● **Collected data**

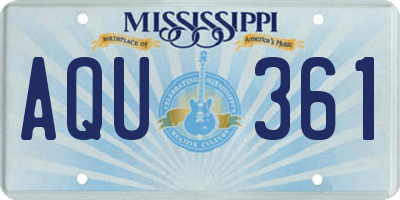 MS license plate AQU361
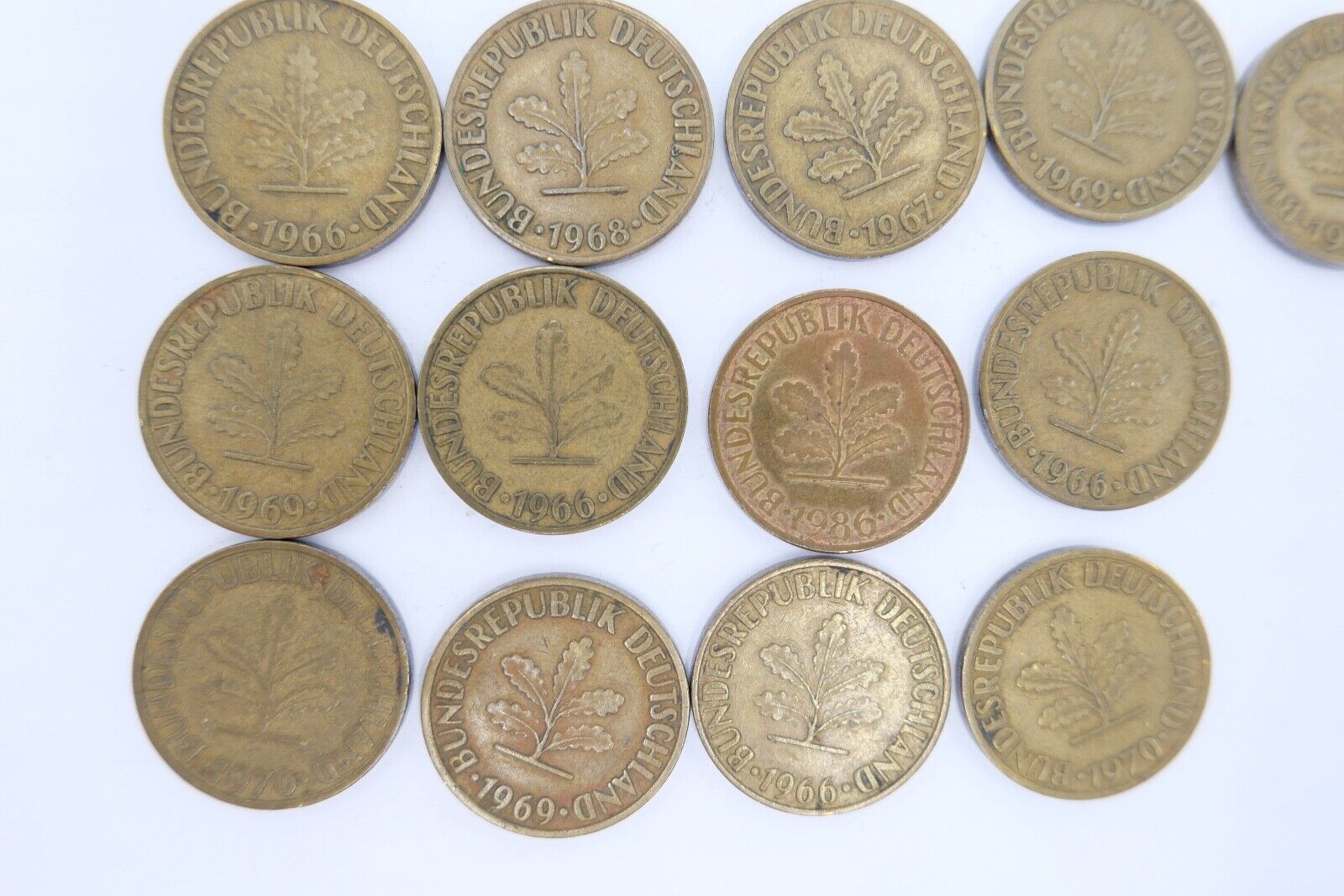 13x 10 Pfennig 1966 1967 1968 1969 1970 1986 D F G J Jäger J. 383 ss-vz - Antikhandel-Stuttgart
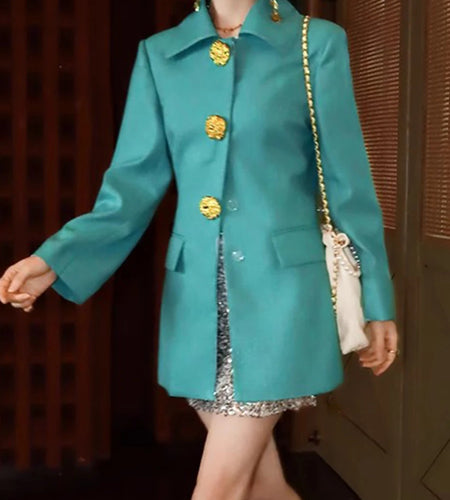 Solid Spliced Button Slimming Jackets For Women Lapel Long Sleeve Patchwork Pockets Female Fashion Style Clothes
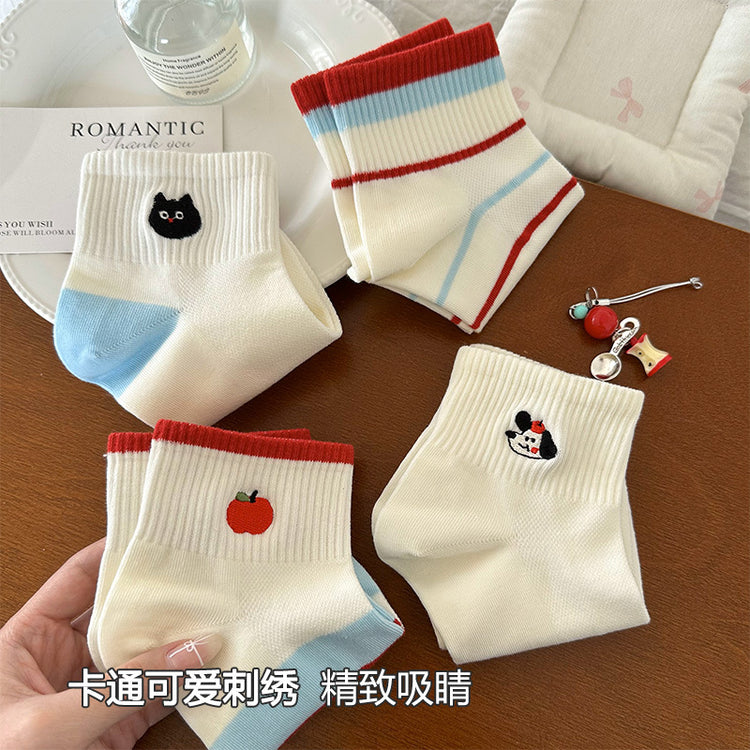 女襪|網眼襪子女棉質吸汗透氣橡筋彈力運動襪卡通刺繡ins潮流好搭短襪「TM7492」25.04-1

● **Your task**
Leave out the pictures. Transcribe the rest of the listing above exactly.

● **Expected answer**
 MS license plate AQU361
 13x 10 Pfennig 1966 1967 1968 1969 1970 1986 D F G J Jäger J. 383 ss-vz - Antikhandel-Stuttgart
 Solid Spliced Button Slimming Jackets For Women Lapel Long Sleeve Patchwork Pockets Female Fashion Style Clothes
 女襪|網眼襪子女棉質吸汗透氣橡筋彈力運動襪卡通刺繡ins潮流好搭短襪「TM7492」25.04-1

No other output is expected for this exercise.